A、逮捕の可能性もある重大な犯罪になります。ただ、強盗致傷ではなく、窃盗と傷害事件となることもありますので、逮捕回避のためにも、処分軽減のためにも早急に弁護士をつけるべきです。
【解説】
万引き事件においても、逮捕を免れるために暴行を加えた場合には、事後強盗罪が成立することがあります。さらに、それで怪我をさせた場合には事後強盗致傷罪となります。こうなると、非常に重たい事件になりますので、それまでの前歴がない少年事件であっても少年院送致を含む重大な処分がなされる可能性があります。被害弁償、示談のために努力することに加えて、非行事実を十分に吟味して、「反抗を抑圧すべき程度」ではないことを意見書等で主張していく必要があるでしょう。
刑法
https://laws.e-gov.go.jp/law/140AC0000000045
(窃盗)
第二百三十五条 他人の財物を窃取した者は、窃盗の罪とし、十年以下の懲役又は五十万円以下の罰金に処する。
(強盗)
第二百三十六条 暴行又は脅迫を用いて他人の財物を強取した者は、強盗の罪とし、五年以上の有期懲役に処する。

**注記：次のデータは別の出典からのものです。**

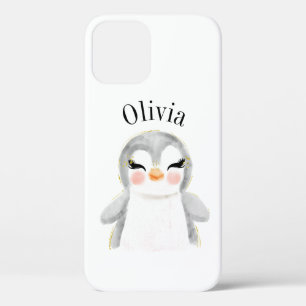 Pinguin Watercolor Name Modern Case-Mate iPhone Hülle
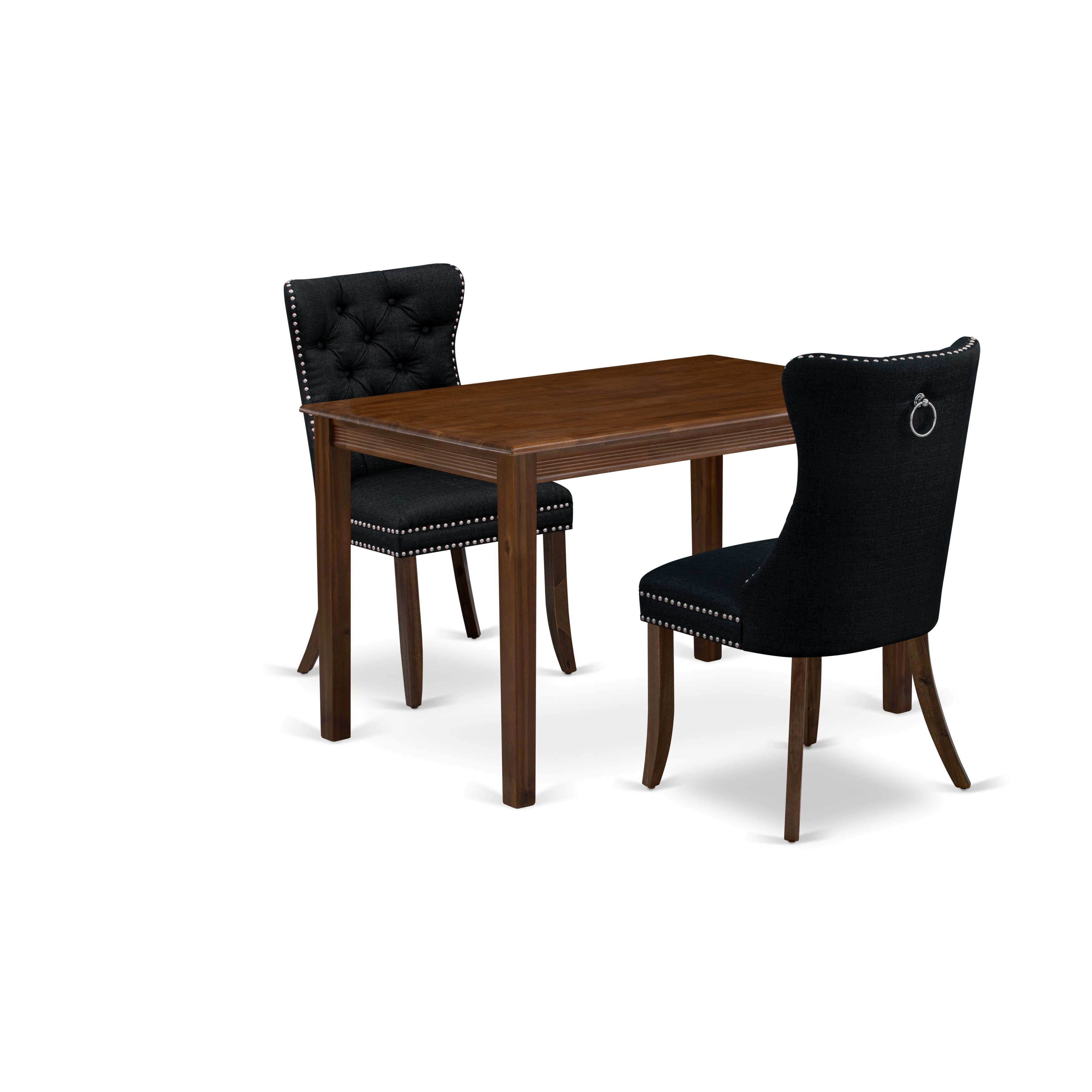 East West Furniture YADA3-AWA-24 3 Piece Dining Set Includes a Rectangle Kitchen Table and 2 Upholstered Parson Chairs, 30x48 Inch, Antique Walnut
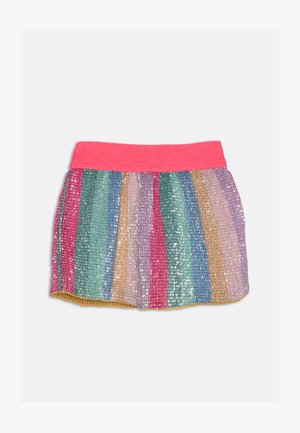 Mehrfarbiger Pailletten-Minirock mit einem pinken elastischen Bund. Besitzt vertikale Streifen in Grün, Pink, Blau, Lila und Gold.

2前項の方法により、財産上不法の利益を得、又は他人にこれを得させた者も、同項と同様とする。
(事後強盗)
第二百三十八条 窃盗が、財物を得てこれを取り返されることを防ぎ、逮捕を免れ、又は罪跡を隠滅するために、暴行又は脅迫をしたときは、強盗として論ずる。
(強盗致死傷)
第二百四十条強盗が、人を負傷させたときは無期又は六年以上の懲役に処し、死亡させたときは死刑又は無期懲役に処する。
リーフレット「少年審判について」
https://www.courts.go.jp/vc-files/courts/file2/210031.pdf
【参考文献】
丸山嘉代「悩める現場の誌上事件相談室 検事!この事件,どうすればいいですか?(第1回)事後強盗致傷?それとも窃盗と傷害?」警察公論2016年9月号46-53頁
51頁
【これらの中には,検察官の私から見ると「えっ, (事後)強盗致傷罪にならないの?」と疑問を抱くものもあります。実際,①~④の各事件を担当した検察官は, (事後)強盗致傷罪で起訴しているわけですから,検察官と裁判官の判断が分かれた事案といえます。
ことほどさように,事後強盗による強盗致傷罪に当たるかというのは,判断が難しいものですから,警察官の皆さんに第一に考えていただきたいのは,被疑者の行為が何罪に当たるかという評価の問題よりも, 「被疑者の暴行,脅迫が,社会通念上一般に,被害者の反抗を抑圧するに足る程度のものであったかどうかを判断するための証拠を集めること」,具体的には,被疑者の行為をきちんと特定できる証拠を集めるということなのです。】
須賀正行「元検察官のキャンパスノートNo.89 -外事事件-万引き(窃盗-刑法235条)」捜査研究2018年12月号(817号)82-95頁
86-87頁
【万引き犯人が代金を支払うことなく,商品を持ち出し,私服の警備員(万引きGメン)に呼び止められた際逮捕を免れるために暴行又は脅迫を加えた場合には事後強盗罪(刑法238条)が成立します。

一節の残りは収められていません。